- Interactive map of the fjord
- Location: Nordland county, Norway
- Coordinates: 68°41′06″N 14°41′46″E﻿ / ﻿68.6850°N 14.6962°E
- Type: Fjord
- Basin countries: Norway
- Max. length: 7 kilometres (4.3 mi)
- Max. width: 1.3 kilometres (0.81 mi)
- Max. depth: 67 metres (220 ft)

= Jørnfjorden =

Fjord in Nordland, Norway

Jørnfjorden is a fjord in Bø Municipality in Nordland county, Norway. The 7 km long fjord is an arm of Eidsfjorden, cutting into the large island of Langøya in the Vesterålen archipelago. The inlet to the ford lies between the villages of Straumsnes to the west and Guvåg to the east.
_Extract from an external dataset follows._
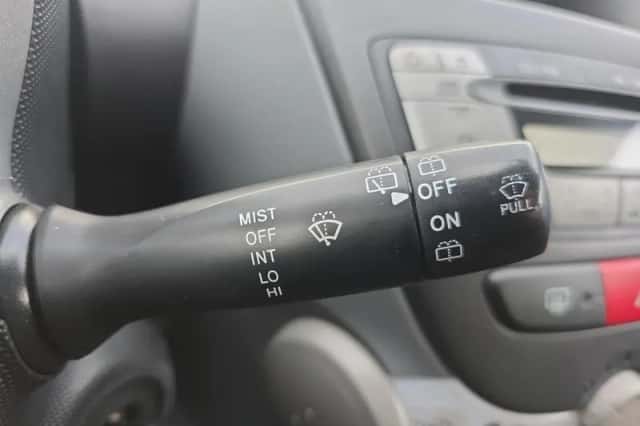 Toyota Aygo (2010) thumbnail 19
The fjord extends 7 km north to the village of Verhalsen. The fjord reaches a depth of 67 m just northeast of the small village of Auvåg.

The village of Auvåg lies on the west side of the fjord slightly past the inlet, and the village of Røsnes lies on the opposite shore, to the east. Immediately north of Auvåg there are two bays, Nordvåg and Langfjord. A small fjord arm further into the fjord, to the northeast, is named Kvernfjord. It extends 800 m inland to a village of the same name. The village of Klakksjorda lies on the other side, along an arm of the fjord named Vestfjord.

County Road 913 runs along the entire east side of the fjord.